Openness and microblogging

This entry was originally posted as a comment on Xuenay’s blog. Also: doesn’t LiveJournal support real hyperlinks in comments? Ultra-suckage.

I’ve always found Twitter to be a very interesting concept, but I don’t use the service myself. I find its minimalism compelling, but its terrible at representing conversations or replies. Jaiku on the other hand has a few very appealing mobile location centric features.

As with any blogging systems, it’s the content that makes the whole thing worth looking at. Some really entertaining writers are currently using Twitter to post hilarious one-liners – I follow these with RSS like I’d do with any blog, without being a registered user.

I use Facebook’s status feature in an almost Twitter-like fashion, mainly because almost everyone I know already is into Facebook. I’m very disappointed in FB’s walled garden-approach: status messages or replies to these, along with other potentially useful things, like posted links, don’t have obvious unique urls or archive views you can browse back to after some time, and are pretty much not reachable from the outside. It is, however possible to get RSS feeds both of your own and your friend’s status messages.

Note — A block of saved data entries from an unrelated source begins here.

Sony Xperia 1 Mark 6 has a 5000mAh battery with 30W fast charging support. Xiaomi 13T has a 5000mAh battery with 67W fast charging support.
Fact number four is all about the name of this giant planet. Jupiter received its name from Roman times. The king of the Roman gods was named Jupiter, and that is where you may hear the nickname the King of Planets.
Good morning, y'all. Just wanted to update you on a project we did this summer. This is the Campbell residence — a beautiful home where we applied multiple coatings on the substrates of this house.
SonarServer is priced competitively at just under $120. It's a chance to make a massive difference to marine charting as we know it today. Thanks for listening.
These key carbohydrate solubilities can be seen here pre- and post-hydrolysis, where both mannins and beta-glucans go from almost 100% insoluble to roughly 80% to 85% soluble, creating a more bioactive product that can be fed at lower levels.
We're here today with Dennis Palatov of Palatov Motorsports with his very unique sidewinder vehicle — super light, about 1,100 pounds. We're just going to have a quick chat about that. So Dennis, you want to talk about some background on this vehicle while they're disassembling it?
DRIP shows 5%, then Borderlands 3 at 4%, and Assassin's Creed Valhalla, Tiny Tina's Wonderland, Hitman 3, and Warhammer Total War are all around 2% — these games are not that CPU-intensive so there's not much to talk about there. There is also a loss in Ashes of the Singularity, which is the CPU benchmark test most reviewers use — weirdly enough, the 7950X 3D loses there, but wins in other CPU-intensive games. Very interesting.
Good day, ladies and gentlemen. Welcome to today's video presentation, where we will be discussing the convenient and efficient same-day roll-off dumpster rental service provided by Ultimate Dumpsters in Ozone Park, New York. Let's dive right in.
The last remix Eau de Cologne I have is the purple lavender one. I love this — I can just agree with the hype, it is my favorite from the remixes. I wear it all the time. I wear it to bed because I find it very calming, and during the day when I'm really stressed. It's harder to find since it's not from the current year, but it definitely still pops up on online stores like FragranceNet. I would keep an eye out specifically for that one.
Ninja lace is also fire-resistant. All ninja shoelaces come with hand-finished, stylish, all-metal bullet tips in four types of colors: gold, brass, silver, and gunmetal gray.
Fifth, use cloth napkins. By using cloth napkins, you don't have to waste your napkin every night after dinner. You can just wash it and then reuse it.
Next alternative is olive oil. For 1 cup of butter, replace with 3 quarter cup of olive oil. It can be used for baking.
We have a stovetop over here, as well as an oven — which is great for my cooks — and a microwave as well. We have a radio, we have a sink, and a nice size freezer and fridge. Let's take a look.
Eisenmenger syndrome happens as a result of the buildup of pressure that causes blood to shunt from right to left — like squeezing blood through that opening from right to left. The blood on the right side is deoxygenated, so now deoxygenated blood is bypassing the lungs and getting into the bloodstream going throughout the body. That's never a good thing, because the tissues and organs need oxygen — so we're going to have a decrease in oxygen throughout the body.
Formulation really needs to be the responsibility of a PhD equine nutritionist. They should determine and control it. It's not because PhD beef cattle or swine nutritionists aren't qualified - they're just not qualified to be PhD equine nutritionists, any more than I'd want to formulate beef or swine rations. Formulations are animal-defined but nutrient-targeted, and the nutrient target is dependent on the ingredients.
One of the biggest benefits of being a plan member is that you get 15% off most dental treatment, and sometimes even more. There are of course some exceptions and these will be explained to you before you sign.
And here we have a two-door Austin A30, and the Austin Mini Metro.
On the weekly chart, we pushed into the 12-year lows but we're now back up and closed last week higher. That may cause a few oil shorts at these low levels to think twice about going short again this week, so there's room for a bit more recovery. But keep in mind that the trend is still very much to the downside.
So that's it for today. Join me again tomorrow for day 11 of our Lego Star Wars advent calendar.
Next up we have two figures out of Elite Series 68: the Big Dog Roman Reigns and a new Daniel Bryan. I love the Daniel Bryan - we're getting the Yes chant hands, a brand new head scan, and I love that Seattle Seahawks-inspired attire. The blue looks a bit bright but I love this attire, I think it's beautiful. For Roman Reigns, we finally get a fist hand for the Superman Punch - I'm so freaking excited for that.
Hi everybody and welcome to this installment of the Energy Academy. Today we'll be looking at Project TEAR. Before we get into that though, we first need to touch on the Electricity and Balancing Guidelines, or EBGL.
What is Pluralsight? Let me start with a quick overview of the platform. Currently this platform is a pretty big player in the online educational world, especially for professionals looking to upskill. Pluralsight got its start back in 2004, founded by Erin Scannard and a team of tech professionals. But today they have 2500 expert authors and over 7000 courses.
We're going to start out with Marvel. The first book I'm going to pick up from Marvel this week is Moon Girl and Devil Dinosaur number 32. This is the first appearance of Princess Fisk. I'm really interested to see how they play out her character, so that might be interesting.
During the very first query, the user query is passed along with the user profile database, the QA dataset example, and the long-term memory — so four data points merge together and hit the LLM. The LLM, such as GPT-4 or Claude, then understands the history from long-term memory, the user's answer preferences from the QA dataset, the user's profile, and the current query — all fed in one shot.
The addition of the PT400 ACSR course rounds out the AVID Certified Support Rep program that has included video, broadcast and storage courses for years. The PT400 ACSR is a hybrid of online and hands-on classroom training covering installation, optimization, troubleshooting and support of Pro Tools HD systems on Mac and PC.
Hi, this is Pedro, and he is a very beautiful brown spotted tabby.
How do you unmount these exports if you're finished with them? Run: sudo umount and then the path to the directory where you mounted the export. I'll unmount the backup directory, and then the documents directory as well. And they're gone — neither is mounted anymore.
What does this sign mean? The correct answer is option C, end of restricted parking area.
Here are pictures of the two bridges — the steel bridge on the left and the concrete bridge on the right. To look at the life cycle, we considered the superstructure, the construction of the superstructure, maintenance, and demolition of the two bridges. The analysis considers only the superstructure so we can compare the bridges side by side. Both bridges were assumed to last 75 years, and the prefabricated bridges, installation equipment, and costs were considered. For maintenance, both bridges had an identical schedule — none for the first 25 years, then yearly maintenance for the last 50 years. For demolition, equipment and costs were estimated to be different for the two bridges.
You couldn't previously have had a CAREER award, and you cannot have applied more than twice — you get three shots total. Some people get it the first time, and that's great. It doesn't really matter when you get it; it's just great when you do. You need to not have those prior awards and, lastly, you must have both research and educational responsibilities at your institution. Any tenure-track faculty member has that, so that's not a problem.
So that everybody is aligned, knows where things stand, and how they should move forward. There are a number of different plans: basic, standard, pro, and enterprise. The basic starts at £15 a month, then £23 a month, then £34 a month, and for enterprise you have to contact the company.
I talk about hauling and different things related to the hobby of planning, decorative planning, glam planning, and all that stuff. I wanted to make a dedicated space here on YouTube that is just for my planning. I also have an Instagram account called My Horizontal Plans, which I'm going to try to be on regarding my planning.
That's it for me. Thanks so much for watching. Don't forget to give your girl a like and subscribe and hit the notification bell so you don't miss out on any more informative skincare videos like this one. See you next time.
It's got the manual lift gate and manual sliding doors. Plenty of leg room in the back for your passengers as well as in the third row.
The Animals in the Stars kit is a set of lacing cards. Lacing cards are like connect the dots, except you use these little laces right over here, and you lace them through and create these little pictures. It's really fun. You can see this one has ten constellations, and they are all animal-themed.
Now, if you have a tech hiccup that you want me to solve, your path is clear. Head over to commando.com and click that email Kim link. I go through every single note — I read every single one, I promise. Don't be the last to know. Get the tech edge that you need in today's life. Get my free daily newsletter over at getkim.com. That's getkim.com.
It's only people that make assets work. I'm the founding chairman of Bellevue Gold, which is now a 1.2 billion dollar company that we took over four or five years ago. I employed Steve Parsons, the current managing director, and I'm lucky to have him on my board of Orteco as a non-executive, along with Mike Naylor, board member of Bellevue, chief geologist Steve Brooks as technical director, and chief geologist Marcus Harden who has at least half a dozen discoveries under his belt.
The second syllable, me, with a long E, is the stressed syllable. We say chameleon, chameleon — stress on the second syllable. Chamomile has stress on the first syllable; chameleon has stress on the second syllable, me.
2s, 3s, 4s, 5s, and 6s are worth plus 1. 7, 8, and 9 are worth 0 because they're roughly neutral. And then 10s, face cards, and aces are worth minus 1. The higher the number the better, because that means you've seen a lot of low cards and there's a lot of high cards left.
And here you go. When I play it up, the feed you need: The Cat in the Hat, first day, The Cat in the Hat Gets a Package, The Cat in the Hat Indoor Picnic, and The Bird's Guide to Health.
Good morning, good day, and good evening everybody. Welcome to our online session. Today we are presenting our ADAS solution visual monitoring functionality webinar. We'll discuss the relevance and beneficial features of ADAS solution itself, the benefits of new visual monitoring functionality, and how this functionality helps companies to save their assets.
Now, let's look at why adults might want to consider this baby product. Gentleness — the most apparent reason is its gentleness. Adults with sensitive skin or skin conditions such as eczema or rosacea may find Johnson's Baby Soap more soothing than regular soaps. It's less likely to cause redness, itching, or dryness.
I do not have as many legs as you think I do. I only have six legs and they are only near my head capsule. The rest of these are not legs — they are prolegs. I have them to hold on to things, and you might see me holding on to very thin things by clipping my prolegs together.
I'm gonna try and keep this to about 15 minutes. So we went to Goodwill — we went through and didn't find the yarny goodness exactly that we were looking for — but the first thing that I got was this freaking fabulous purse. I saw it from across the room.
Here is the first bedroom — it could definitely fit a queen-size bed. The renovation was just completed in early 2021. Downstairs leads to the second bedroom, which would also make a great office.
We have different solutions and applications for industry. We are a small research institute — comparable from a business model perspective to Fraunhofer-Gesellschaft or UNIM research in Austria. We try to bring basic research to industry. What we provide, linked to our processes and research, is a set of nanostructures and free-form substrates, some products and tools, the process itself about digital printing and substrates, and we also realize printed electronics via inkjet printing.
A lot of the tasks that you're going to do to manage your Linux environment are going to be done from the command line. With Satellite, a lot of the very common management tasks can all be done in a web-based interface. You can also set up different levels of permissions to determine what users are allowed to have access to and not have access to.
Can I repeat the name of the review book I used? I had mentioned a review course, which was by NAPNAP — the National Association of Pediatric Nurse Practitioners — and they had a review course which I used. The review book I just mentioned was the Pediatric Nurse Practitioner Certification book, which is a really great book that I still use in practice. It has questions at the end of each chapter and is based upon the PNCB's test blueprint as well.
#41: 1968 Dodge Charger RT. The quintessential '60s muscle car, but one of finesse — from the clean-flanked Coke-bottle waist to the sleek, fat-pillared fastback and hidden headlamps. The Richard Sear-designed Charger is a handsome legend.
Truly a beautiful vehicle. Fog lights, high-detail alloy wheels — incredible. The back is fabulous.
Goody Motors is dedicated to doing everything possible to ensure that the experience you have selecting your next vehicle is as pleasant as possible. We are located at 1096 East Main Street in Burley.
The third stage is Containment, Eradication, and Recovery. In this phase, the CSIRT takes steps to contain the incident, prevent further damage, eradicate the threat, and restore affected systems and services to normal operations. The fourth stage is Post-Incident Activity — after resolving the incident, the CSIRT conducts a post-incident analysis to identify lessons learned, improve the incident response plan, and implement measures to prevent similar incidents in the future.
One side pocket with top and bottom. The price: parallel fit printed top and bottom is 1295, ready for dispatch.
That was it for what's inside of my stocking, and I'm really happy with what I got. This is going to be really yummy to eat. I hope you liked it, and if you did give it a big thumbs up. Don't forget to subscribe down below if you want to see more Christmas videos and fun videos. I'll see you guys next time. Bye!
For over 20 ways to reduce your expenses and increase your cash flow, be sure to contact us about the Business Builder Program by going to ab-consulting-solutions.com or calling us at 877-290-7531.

As my FB status messages really are something I consider a semi-daily writing exercise, I do want them archived. I save my status messages in a WordPress install I set up together with Feedwordpress and Feedburner, but this doesn’t of course save any comments someone may post on FB.

What I’m trying to get at is that microblogging, as a concept, needs to become more mature and standardized, or it will lag behind like instant messaging has done for a decade or so. OpenMicroBlogging and it’s reference implementation, Laconica have the potential to revolutionize public discourse on the internet beyond what’s possible with today’s already interesting services. Proprietary platforms such as Twitter, Jaiku and Facebook have the advantages of large user bases and cell phone connectivity but they really need to use something like OpenMicroBlogging protocol for cross-service communication to become really useful.

4 Comments

  1. Kaj Sotala says:

    Also: doesn’t LiveJournal support real hyperlinks in comments?

    It usually does. Might be some sort of a limitation on OpenID users, or something.